Exercise aim =
Reproduce the following data exactly, minus any images.

Data block =

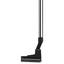 Cleveland HB Soft 2 8S Black Putter - thumbnail image 6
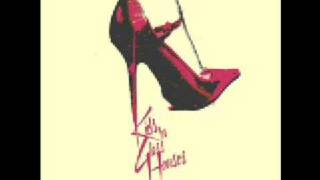 Give Me What I Want - Kids In Glass Houses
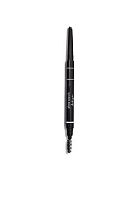 PHYTO SOURCILS DESIGN 4 MOKA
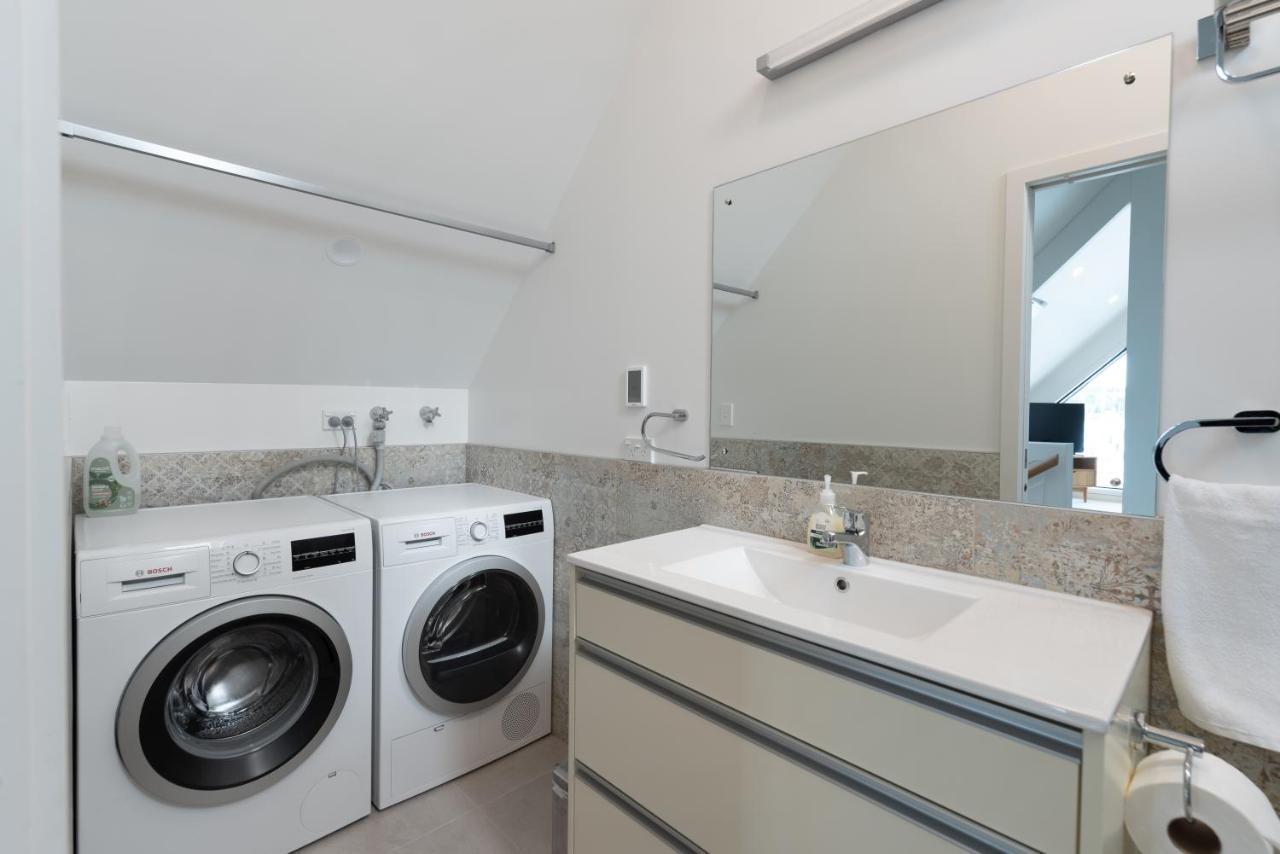 Bay Of Islands Apartment With Marina Views Opua 외부 사진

Exercise response =
 Cleveland HB Soft 2 8S Black Putter - thumbnail image 6
 Give Me What I Want - Kids In Glass Houses
 PHYTO SOURCILS DESIGN 4 MOKA
 Bay Of Islands Apartment With Marina Views Opua 외부 사진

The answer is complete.